Why did these things happen to me? Why must life be so trying? Would it ever get easier? No, I don't think it will. I have survived everything life has thrown at me, getting up again each time I've been beat down. But this, this was almost too much for me to bear. The one wolf who had always been there for me, who had cared and taken me in when no one else wanted me. He was gone. My dearest Tamlin. I had seen it coming, of course. I had seen the weak look in his eyes, the fading, but I had hoped still. Hoped until the very last moment. Until there he was, just lying on the ground, almost as if he were asleep. But he hadn't just been asleep. His chest had since stopped rising and falling, his heart had stopped beating. Because of this, my breaths came in shallow gasps, my heart began to shatter. How could he be gone?
How could he have left me all alone? And I really was alone. The pack had died along with him, it seemed. Ambrosia's presence was spotty at best. I needed her more than anything right now and here she was, missing again. Bright Moon had been so strong once, what had happened? A deep sigh escaped me. I wish I knew.
But I couldn't just let myself waste away. That's not what Tamlin would have wanted for me. He would have wanted me to be stronger, to keep on going, to live. And so that's what I had to do. For him. I wasn't sure what to do with myself, though, so I resorted to the ever popular boarder run. That's what I always did when I needed to get my mind off of something. So I traveled to the invisible wall of my home, where my scent lay strong with that of Tamlin's and even the stale scent of Ambrosia. Oh how I missed both of them. But I banished all thoughts of the like, and all thoughts in general, as I let the power of my legs as I ran consume me.

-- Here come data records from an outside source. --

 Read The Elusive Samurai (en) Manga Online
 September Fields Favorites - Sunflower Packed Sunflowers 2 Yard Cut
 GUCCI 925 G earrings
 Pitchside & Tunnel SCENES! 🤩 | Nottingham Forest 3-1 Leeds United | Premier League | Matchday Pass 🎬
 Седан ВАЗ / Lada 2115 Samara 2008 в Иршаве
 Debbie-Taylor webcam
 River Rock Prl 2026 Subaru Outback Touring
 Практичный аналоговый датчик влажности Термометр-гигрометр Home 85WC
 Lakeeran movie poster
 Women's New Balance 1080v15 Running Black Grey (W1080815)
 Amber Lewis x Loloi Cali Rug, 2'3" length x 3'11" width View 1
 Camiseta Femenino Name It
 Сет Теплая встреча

I expected nothing more than a good run out of this, like I had gotten so many times before. Just a little more toning of my already strong muscles. I found myself surprised when a deep brown form came into view. I hadn't been paying attention to my nose, and now wish I had. I slowed, still hopefully out of sight of this visitor, and took in the scents around me. The stranger's-- male by the smell-- was easy to pick out of the all too familiar odors of my home. I stood where I was, watching his hesitation with mounting curiosity. Then a small bark issued forth from his maw and I cocked my head. It was not what I had expected. He seemed like he didn't want to be here yet he refused to leave. Curiouser and curiouser. Slowly, as if by their own accord, my creamy stilts began to move forward. The company of another was just too enticing to pass up.
As I approached this stranger, I took him in. A sleek brown coat covered his body and, oh, those bright eyes. One would consider him to be quite handsome. I came to a standstill a few feet from him and for a moment I forgot how to use my voice. I wasn't quite in my right mind since finding Tamlin.. Hello. My name's Venga. I've found myself to be the Gamma female of a dead pack. My voice seemed to be laced with a permanent sorrow as I spoke the words my mind had not thought up. My honey clad skull cocked at my own curious way. My duo toned gaze rose to meet the varg's, waiting for him to say something.